High-content, large-context protein imaging is becoming increasingly critical in life science. Towards this goal, extensive efforts have been devoted to developing multiplexed protein imaging in large three-dimensional biological systems. However, current protein imaging methods are constrained by a general trade-off between the achievable content (i.e., high multiplexing) and context (i.e., thick samples). As we summarize in Fig. 1, all the existing multiplexed protein imaging techniques are confined to shallow depths (<100 μm, i.e., poor context), whereas protein imaging in thick tissues (> 100 μm) cannot exceed ~5 colors (i.e., poor content), limited by the fluorescent “color barrier”. Due to this content-context trade-off, highly multiplexed volumetric protein imaging remains challenging.
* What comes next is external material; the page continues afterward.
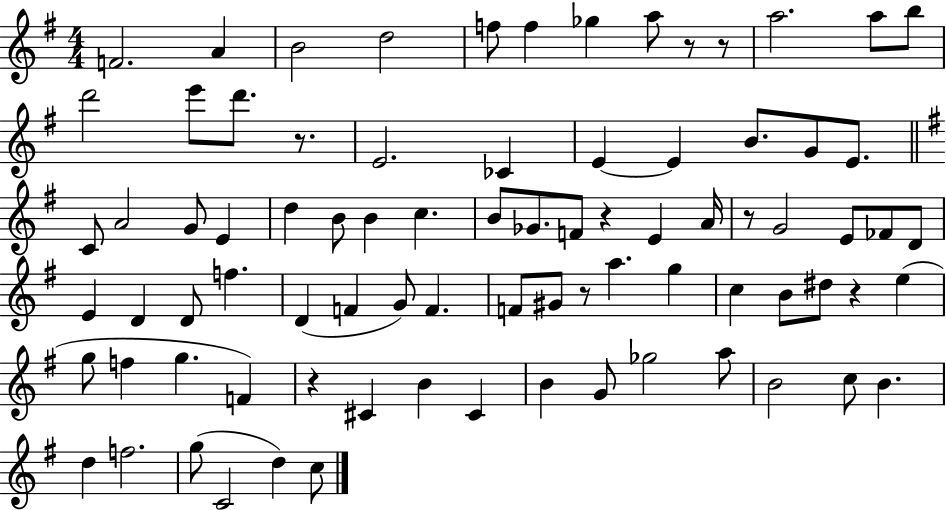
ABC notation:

Different from these precedents, our approach is a one-shot optical method without the compromise between depth and multiplexity (Supplementary Table 4), by leveraging innovations in coherent Raman microscopy, probe chemistry and tissue engineering. Specifically, we exploited the coupling between tissue clearing technology and epr-SRS microscopy, the most sensitive vibrational imaging modality to date. After observing the interfering background from the tissue clearing reagents with conventional Raman dyes, we reported new bioorthogonal vibrational probes for immuno-eprSRS, offering good detectability (comparable to standard immunofluorescence), fine spatial resolution, general sample compatibility and scalable multiplexity. In addition, after screening and studying common tissue clearing methods for volumetric immuno-eprSRS, we developed a MARS-probe tailored tissue clearing method rDISCO. Combining these developments together, we have achieved one-shot multiplex (>10) protein imaging within a single tissue of millimeter thickness for the first time, to our best knowledge. Systematic analyses of the images showcased their utility in extracting regional segmentation, spatial correlation, cellular composition, 3D distance and network topology. Conclusively, our RADIANT approach of coupling one-shot epr-SRS microscopy of MARS probes with tailored tissue clearing circumvents practical complexity in cyclic methods and largely improves the throughput, thereby opening up a new territory for high-content, large-context protein imaging (Fig. 1).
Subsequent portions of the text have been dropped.